New high-rise for seniors
From The Examiner during the week of March 29 to April 3, 1971:
• “HOUSING AUTHORITY TAKES OVER ‘PLEASANT HEIGHTS’” – In a formal transaction today, the new $3 million eight-story public housing project for the elderly was turned over to the Housing Authority of the City of Independence by the builders, Andes & Roberts. The property transaction took place at 9 a.m. in the new administrative offices of the high-rise apartment, known as Pleasant Heights, 210 S. Pleasant. The American flag was hoisted on the flagpole in front of the apartment as soon as the deal was consummated.
• “LOCAL MERCHANTS OPPOSE SALES TAX” – A poll of local merchants indicates they are overwhelmingly opposed to the proposed one per cent sales tax in Independence. The Examiner conducted a random telephone poll of 30 local business owners or managers of local retail operations. The businesses ranged from pet shops to the larger department stores and auto agencies.
Of the 30 owners or managers contacted, 19 were opposed to the proposed tax, three were in favor, four said they were undecided or neutral, and four refused to comment. Many reasons were given for opposing the tax, but the most prevalent was the fear that the increased tax would drive shoppers and potential businesses from the city. One woman store owner said she was considering moving her business to Kansas City if the tax passes.
From The Independence Examiner during the week of March 28 to April 1, 1921:
• “WOMEN FOR CITY COUNCIL.” – At a meeting Thursday afternoon, women of Blue Springs nominated Mrs. T.H. Torpey councilwoman for the first ward, Mrs. Frank Cummins councilwoman for the second ward, Mrs. W.E. Whitsett and Mrs. R.J. Lowe, school directors. The women are pledged to better school conditions and the beautifying of Blue Springs.
Blue Springs needs a new school building, the present one built twelve years ago, is of cheap construction and is inadequate to present needs.
Last year the board received no applications for the position of superintendent and was obliged to “draft” the Rev. A.B. Jackson, pastor of the Methodist church of Blue Springs. The school was unable to obtain a Latin teacher, and pupils were obliged to go other places in order not to lose out in their high school grades.
• “CONNECT TWO COUNTIES.” – The county court after its meeting yesterday morning went to look at a proposed road from Courtney to the river. After looking the situation over, the court ordered Leo Koehler, county highway engineer, to estimate the expense of making the road.

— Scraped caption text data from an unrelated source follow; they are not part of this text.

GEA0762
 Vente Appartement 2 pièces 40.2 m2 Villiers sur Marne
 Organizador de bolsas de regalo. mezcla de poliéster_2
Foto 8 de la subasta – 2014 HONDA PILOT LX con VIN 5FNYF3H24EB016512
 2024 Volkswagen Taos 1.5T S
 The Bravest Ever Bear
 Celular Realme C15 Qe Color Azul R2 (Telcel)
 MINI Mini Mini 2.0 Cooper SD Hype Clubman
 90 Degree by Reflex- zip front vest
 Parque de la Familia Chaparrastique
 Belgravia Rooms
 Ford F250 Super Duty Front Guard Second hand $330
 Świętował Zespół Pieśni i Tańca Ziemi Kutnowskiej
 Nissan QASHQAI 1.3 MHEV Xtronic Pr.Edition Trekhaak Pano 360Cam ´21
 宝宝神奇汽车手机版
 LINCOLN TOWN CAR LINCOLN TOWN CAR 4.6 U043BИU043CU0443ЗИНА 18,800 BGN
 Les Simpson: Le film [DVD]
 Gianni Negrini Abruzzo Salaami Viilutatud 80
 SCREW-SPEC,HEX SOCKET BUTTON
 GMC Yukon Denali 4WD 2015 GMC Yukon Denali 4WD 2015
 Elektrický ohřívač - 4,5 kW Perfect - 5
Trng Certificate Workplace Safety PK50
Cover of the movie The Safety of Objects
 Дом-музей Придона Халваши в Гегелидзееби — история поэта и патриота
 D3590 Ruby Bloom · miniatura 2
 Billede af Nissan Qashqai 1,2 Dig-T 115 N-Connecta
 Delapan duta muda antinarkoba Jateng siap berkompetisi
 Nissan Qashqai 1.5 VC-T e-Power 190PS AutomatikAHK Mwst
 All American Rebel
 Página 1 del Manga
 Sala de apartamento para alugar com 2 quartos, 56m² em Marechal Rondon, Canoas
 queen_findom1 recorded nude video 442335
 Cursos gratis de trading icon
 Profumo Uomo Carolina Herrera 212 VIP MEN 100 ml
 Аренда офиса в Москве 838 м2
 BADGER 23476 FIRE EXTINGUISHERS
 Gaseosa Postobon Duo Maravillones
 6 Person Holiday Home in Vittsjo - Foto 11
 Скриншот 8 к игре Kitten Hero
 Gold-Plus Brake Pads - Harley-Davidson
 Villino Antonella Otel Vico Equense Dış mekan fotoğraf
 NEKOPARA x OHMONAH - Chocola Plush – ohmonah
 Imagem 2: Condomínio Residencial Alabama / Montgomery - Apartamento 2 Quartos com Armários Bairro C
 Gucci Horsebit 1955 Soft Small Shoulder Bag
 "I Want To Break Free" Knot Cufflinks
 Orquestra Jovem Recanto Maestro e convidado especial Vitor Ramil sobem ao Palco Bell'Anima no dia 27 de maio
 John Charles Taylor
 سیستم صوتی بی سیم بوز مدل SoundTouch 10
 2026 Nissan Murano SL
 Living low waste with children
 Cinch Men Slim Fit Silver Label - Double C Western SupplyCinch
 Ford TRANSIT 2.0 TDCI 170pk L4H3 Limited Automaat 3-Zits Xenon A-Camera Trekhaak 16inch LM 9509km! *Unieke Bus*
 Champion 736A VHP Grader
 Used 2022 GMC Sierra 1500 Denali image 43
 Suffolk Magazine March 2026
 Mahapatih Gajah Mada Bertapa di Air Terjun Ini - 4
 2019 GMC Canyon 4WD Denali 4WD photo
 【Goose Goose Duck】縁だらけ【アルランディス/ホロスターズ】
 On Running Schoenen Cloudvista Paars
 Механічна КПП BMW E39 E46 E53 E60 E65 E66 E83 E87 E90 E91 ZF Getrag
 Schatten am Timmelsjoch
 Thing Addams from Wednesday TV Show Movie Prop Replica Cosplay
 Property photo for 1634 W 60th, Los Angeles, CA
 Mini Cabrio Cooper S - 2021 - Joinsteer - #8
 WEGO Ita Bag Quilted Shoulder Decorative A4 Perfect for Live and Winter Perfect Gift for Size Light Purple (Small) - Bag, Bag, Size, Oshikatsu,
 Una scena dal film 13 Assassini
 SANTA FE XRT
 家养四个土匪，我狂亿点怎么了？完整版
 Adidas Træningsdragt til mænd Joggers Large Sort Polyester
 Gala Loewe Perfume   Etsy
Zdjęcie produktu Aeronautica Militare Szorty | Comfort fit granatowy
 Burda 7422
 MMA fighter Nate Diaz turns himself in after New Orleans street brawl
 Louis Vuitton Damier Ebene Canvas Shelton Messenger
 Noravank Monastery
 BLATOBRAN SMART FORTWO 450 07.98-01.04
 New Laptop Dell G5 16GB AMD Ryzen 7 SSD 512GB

The proposition has been before the court several times before. Part of the road has been made. Less than a mile remains to be graded. The object of making the road is to open a way from Courtney to the river so that a ferry may be put in at that point. Liberty is building a road down to the river to meet the ferry.
The road would not only give a route from Kansas City and Independence to Liberty and Excelsior Springs for tourists but it would give an opening for several thousand acres of good farming and truck land in the bottom on this side of the river that is not now available on account of having no good road over which the products grown on it can be moved. The road also would give truck farmers on the other side of the river a more direct route to market. The only way they can now get into the city is to go over the Armour, Swift, Burlington bridge or go to the ferry at Sibley, twenty-five miles below Courtney.
• “WINNER RAILWAY PLAN” – Willard E. Winner, the man who built the electric line between Independence and Kansas City, who built the Armour-Swift bridge across the river at Kansas City and who is now building an electric line from Kansas City by way of Leeds to Lee’s Summit, wants to build an electric line by way of Independence and Sugar Creek from his Leeds road to cross the river on a new bridge and reach Liberty.
Mr. Winner appeared before the Forum of the Chamber of Commerce and explained his plan and those present endorsed the proposition. His plan is to have twenty citizens of Independence form a corporation, each one to take $100 stock and get behind the proposition.